Please return the lines of the data that contain "Blue".

Supplied information —
== Segment start ==

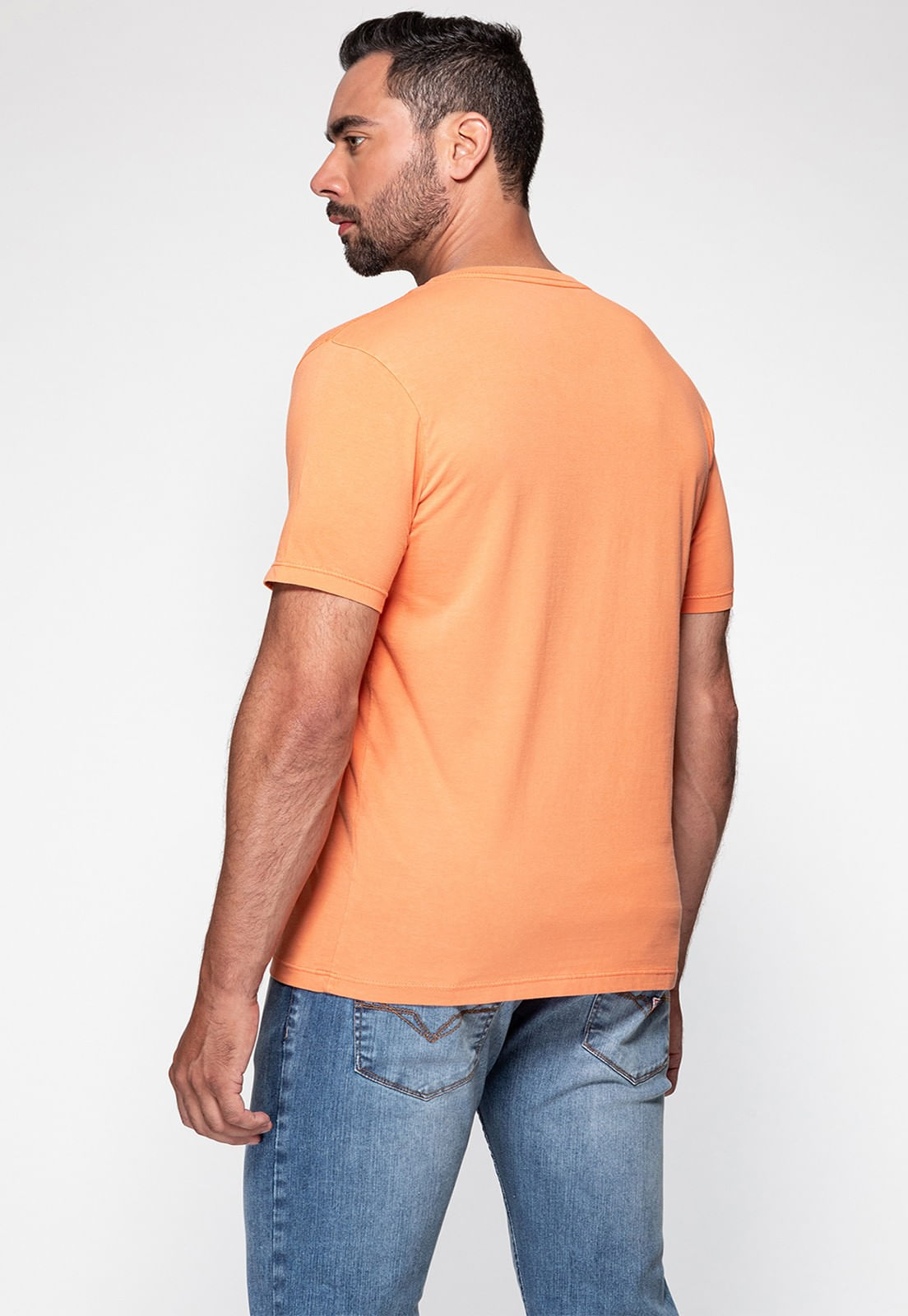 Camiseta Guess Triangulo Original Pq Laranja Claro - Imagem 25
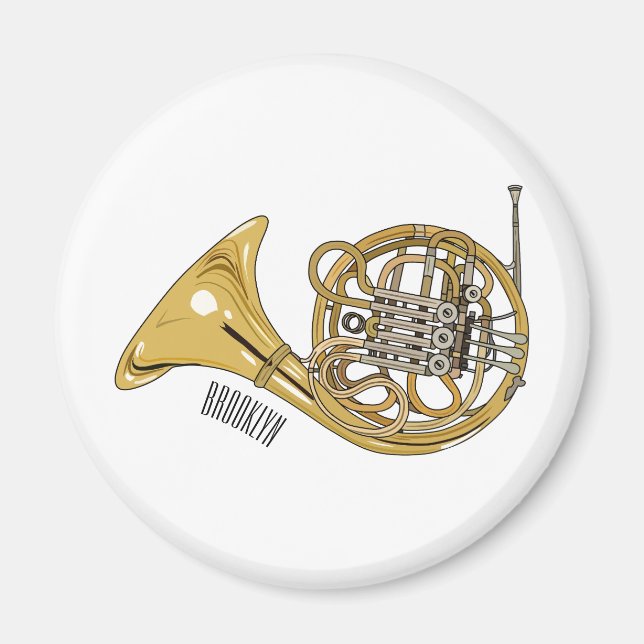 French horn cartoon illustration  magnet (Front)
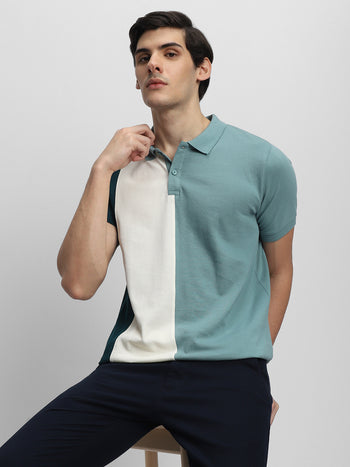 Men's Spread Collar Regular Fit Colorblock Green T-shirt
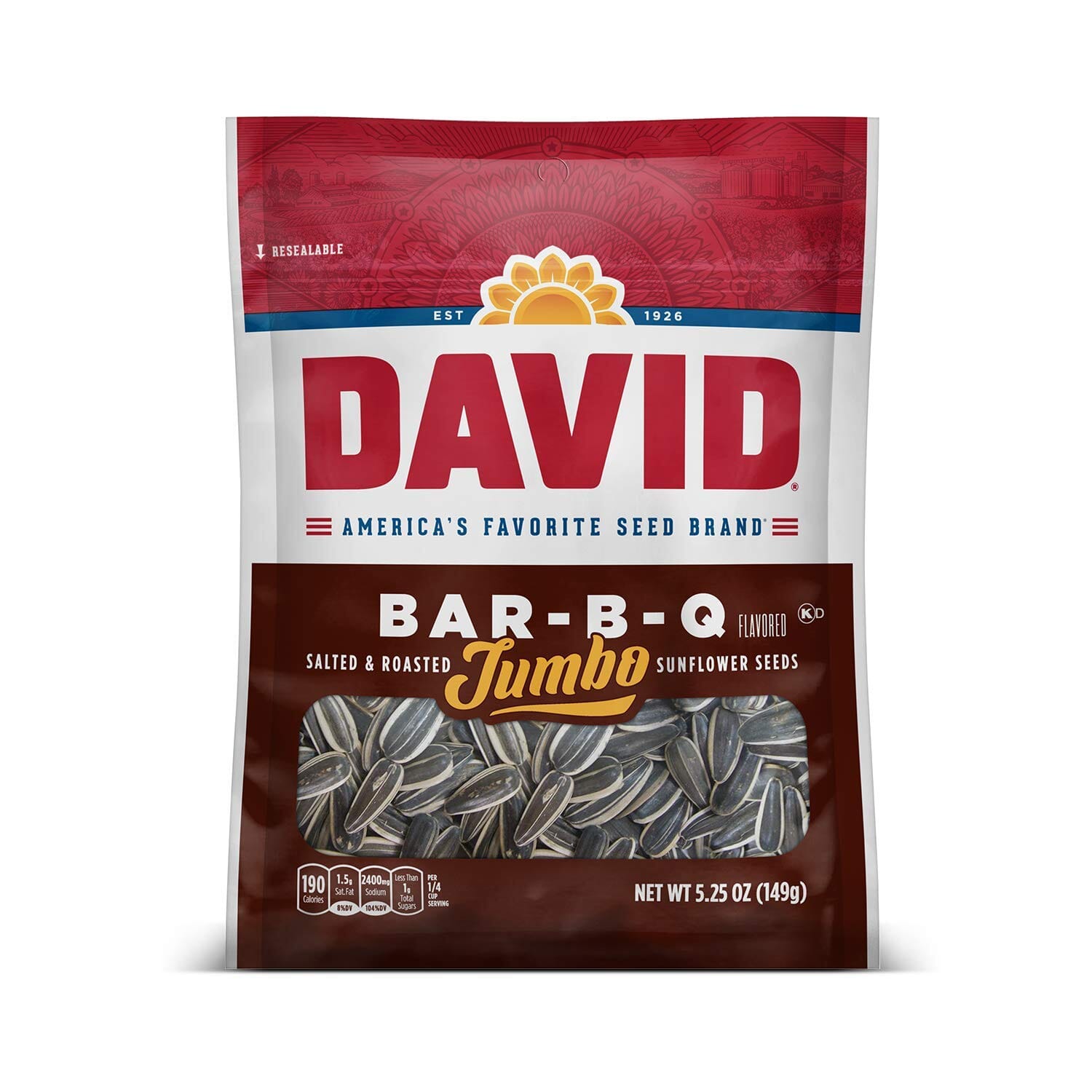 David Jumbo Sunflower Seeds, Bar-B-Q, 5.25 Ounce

== Segment end ==
== Segment start ==

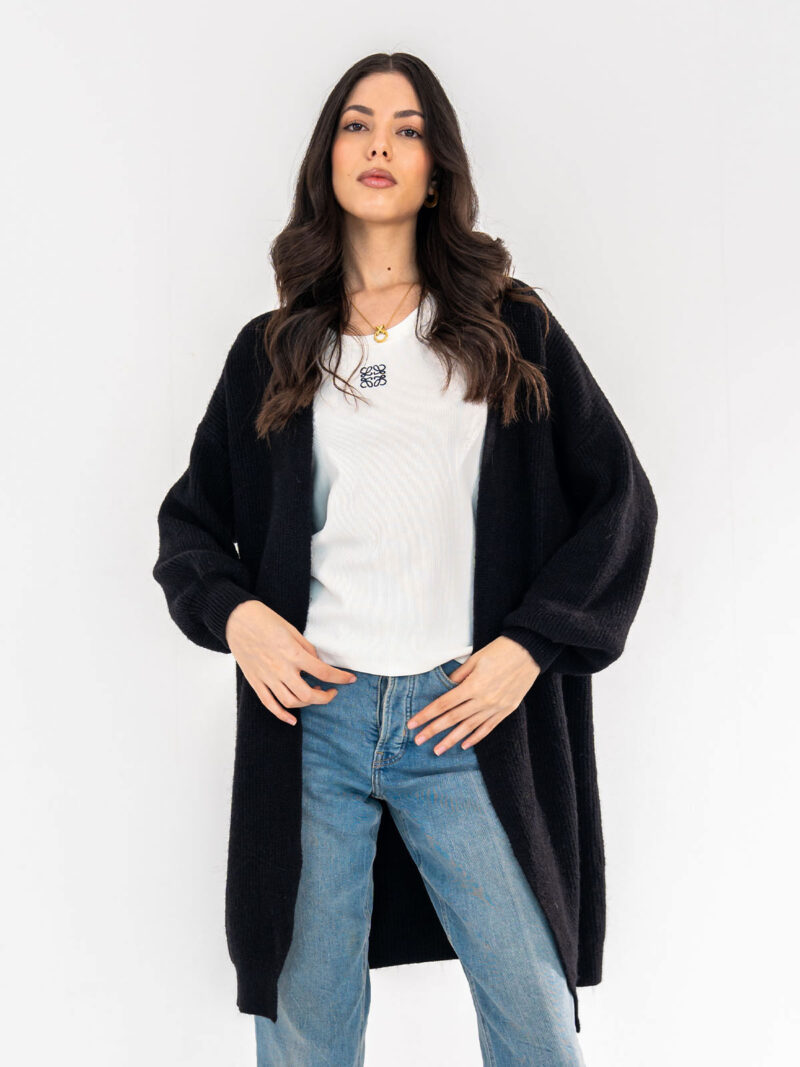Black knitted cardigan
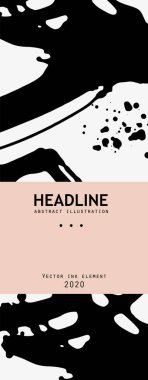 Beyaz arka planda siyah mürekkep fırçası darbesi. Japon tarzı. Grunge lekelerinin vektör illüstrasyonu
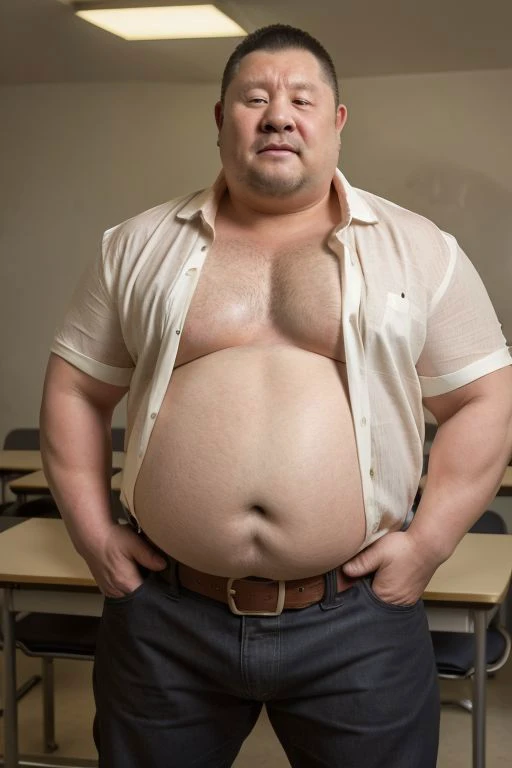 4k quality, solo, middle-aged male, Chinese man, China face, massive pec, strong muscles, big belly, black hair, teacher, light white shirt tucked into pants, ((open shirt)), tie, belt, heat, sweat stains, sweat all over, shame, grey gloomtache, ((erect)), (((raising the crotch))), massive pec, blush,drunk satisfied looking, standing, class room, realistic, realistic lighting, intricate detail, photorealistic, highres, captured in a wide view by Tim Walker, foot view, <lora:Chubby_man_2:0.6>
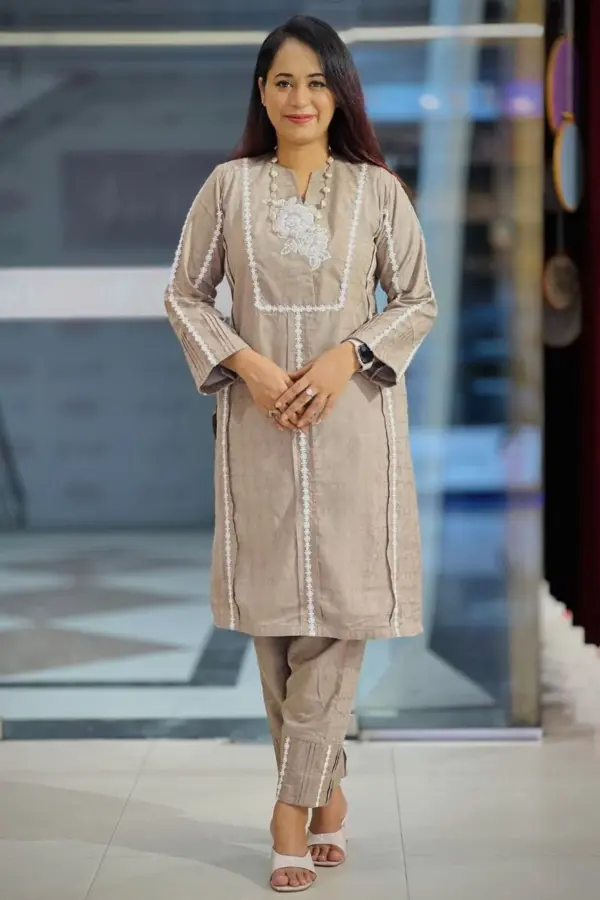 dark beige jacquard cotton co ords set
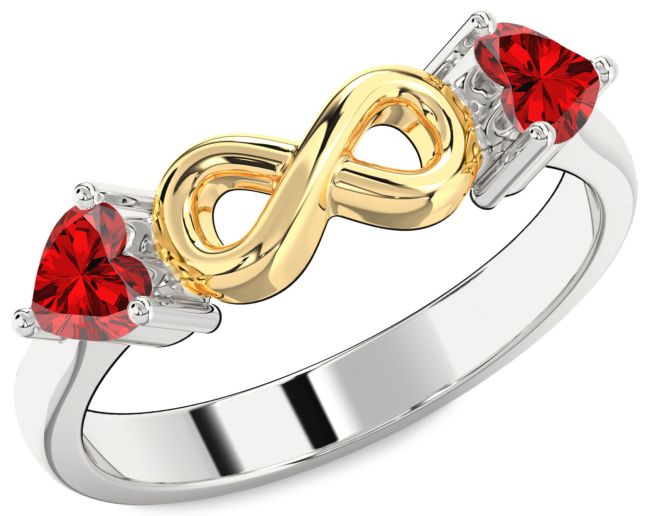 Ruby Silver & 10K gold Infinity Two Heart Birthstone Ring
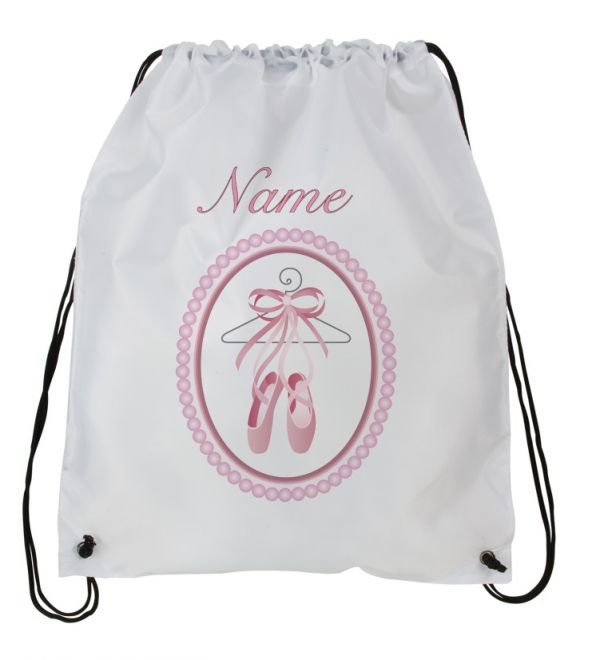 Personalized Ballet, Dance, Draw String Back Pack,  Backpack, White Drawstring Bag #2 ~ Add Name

== Segment end ==
== Segment start ==

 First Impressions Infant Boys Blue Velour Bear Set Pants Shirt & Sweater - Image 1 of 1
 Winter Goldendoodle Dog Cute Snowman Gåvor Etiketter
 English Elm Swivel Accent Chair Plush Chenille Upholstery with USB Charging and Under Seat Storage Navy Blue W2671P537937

== Segment end ==

Result below —
 First Impressions Infant Boys Blue Velour Bear Set Pants Shirt & Sweater - Image 1 of 1
 English Elm Swivel Accent Chair Plush Chenille Upholstery with USB Charging and Under Seat Storage Navy Blue W2671P537937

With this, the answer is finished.